I have a chrome cart this year. 32 shiny new Chromebooks assigned to me and my students. 5 different classes. We have access. At our fingertips. Everyday.
I am admittedly struggling to integrate this resource effectively. I love having computer access whenever it is needed. However, in my mind and frankly in the reality of some of my courses, there are still a lot of things that students need to be able to do with good old pen and paper. For example, my AP students: the exam is pen/pencil and paper. You can’t type the Free Response Question (FRQ) sections. So, we practice physically writing essays under a time demand. This is the first year where I find I am consistently getting students who look at me like I am the craziest teacher they have ever met when I ask them to take out paper and a pen to write an essay. One brave young soul even asked, “You’re kidding right?!? Why would we use paper when you have 32 perfectly good computers right there?”

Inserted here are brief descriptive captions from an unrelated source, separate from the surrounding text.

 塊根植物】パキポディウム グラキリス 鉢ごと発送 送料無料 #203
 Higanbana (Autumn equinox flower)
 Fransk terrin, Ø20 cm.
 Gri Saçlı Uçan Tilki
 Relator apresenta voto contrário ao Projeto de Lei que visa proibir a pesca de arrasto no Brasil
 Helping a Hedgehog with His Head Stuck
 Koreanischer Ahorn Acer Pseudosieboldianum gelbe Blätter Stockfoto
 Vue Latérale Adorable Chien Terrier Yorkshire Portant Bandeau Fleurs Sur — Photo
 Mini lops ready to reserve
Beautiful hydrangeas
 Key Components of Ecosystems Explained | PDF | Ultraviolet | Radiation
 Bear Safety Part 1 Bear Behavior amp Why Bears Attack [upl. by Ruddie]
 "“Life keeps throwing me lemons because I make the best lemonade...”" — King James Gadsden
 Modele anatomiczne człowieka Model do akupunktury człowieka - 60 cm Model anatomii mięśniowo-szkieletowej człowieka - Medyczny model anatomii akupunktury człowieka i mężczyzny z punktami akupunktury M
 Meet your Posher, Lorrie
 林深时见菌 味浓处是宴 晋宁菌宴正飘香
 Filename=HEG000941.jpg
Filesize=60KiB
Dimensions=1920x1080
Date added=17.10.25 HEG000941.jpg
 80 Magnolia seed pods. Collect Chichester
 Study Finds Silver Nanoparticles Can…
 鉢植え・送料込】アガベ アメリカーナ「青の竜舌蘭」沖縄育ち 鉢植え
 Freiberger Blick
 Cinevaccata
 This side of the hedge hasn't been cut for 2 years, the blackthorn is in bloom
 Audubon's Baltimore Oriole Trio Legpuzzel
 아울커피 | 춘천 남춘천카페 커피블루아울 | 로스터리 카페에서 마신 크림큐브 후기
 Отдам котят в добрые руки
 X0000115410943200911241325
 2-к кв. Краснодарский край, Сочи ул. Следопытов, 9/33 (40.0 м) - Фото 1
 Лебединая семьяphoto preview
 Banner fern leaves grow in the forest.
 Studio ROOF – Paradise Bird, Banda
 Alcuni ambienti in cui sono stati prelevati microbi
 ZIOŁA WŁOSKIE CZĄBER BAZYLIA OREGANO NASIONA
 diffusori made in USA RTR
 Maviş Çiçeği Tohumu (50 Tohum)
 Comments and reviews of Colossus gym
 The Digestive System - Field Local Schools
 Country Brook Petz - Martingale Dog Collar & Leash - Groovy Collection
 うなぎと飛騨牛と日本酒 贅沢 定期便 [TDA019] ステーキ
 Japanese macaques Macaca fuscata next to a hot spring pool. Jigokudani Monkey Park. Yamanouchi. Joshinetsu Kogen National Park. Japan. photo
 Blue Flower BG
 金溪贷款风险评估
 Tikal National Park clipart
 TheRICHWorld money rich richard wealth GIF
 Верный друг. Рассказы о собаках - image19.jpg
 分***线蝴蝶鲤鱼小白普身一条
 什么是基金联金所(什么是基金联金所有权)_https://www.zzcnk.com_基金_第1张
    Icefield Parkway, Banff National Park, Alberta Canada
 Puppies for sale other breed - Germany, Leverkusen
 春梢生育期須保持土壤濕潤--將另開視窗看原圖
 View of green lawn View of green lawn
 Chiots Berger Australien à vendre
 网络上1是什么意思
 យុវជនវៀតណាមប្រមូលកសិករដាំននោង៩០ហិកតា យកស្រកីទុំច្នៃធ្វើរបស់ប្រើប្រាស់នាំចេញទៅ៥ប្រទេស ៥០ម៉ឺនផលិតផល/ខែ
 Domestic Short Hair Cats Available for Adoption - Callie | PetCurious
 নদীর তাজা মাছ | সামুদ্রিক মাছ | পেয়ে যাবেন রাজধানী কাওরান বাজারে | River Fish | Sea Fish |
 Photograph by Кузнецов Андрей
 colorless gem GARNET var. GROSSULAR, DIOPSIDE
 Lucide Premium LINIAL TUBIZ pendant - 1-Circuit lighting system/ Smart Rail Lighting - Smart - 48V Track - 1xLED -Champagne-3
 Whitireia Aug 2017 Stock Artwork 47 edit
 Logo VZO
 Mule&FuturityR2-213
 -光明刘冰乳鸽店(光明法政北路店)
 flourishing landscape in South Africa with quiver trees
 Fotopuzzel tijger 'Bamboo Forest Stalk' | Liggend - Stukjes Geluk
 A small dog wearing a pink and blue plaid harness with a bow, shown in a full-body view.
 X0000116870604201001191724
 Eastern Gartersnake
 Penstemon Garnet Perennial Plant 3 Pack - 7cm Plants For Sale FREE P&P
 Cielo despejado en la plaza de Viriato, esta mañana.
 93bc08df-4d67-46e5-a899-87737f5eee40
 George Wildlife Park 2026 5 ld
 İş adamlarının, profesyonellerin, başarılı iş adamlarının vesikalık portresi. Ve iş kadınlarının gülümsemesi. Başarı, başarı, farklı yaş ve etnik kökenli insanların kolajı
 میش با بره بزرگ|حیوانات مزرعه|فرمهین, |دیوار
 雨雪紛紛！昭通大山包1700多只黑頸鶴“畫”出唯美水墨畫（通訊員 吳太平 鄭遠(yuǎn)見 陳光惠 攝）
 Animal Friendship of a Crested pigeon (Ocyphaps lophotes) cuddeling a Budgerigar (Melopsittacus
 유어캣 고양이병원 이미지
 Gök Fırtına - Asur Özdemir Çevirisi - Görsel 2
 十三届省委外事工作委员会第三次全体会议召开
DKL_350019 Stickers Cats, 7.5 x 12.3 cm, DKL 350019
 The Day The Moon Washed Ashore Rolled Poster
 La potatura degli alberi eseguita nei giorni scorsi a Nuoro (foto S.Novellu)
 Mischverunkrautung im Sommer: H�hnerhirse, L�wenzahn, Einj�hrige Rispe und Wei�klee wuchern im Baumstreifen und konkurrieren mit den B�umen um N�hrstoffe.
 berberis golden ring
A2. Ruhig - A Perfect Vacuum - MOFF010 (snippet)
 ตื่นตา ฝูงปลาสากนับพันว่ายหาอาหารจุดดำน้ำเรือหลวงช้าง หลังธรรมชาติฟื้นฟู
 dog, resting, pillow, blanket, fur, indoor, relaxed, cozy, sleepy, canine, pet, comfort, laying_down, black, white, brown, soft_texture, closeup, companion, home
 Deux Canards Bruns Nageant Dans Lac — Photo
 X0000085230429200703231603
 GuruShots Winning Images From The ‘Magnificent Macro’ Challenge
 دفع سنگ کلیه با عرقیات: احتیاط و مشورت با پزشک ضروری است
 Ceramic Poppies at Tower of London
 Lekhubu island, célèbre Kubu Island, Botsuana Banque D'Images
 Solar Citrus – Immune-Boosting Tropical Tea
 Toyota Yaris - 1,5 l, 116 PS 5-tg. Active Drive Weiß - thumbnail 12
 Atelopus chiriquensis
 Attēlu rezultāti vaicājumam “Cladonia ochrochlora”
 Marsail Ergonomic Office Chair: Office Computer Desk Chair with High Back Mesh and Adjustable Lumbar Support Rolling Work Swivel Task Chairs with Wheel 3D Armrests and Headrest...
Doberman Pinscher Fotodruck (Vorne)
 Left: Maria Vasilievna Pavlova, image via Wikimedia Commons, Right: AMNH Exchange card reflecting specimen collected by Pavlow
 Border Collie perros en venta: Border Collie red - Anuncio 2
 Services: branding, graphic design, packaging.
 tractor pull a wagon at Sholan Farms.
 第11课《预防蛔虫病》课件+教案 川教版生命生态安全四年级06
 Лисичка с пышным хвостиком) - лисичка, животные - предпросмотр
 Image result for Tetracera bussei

Point taken. In the fast paced nature of the classroom, I gave some type of unsatisfactory answer along the lines of: “You’re expected to use pen and paper on the exam.” This answer is a cop out and I knew it and the students knew it. The question however stuck with me, as important questions often do, and I have been thinking about it ever since.
I began by observing what was being done in my colleagues classrooms with regard to technology use. I found in our department, a wide range of possibilities that the students might experience: a teacher who uses Chromebooks almost everyday, including most text interactions or discussions, and is really setup to be a Google classroom; a teacher who uses Chromebooks at least 3 days a week for the class activities and interactions, if not more, and all writing and feedback happens on a computer; teachers who use the Chromebooks intermittently but usually at least once or twice a week for some type of activity but again all writing and feedback is happening on a computer. These observations gave me one common thread to help explain why almost every one of my junior students in particular struggles to produce a coherent piece of writing with paper and a pen: they haven’t been asked to do it in at least 2 years, sometimes more depending on their middle school experience.
Why should they need to write with a pen, on a piece of paper? The world we live in calls for technology skills and learning effective management of self and technology. Our pace of life is FAST. Our access to information is INSTANT. Our virtual connections with others are IMMEDIATE and CONSTANT. However, life does also call for people to be able to work in ways that aren’t always convenient or immediate. At times we need to be able to work slowly, to work hard, to struggle, to fail, to try again. We still need to be able to work alone. To think independently rather than interdependently. To have our own clear reasoning that doesn’t rely on validation from others before we proceed and try new ideas. Innovation and creativity are not born from doing what has always been done or what everyone else is doing as well.
With so many great tools out there ranging from the Google classroom platform for sharing documents and interactively discussing, creating, and critiquing, to Kahoot for interactive classroom quizzing, to Kami for annotating PDFs and sharing and interacting with others around a single piece of writing, and on and on, it is so easy to lose sight of the individual struggle. The choices are vast and with engagement being ever on our minds, the possibilities and benefits to be gained from an interactive learning environment are endless. As a teacher, the absence of physical paper in my life is at times too good to be true. Bags (at least two) are what it would take to carry home the piles of work that I would inevitably not get to during the week and need to wade through on the weekends. Now, I need one bag and my computer. I need fewer pens, using instead a headset with microphone for my voice feedback.
Yet, how do we create balance? I still hand my students real books, with real post-it notes, for them to read and annotate with. It is a struggle for many as the books don’t make sounds, flash, or give status rankings or validations. They still need paper and pens for class, all of my students: AP and my younger or non-AP students as well. We physically write with a pen and paper, at least once a week. I ask for drafts, ideas, and for students to record their process in creating their work. The balance is not intended to cause hardship for me or the students (though they may try to argue otherwise) but rather to keep the tools sharpened. The acts of reading and writing are physical and to me, that physical interaction is part of what helps embed the knowledge. So my plea: Balance– teach the technology, use the amazing tools, but make time for the physical interaction of pen, paper, book, and mind.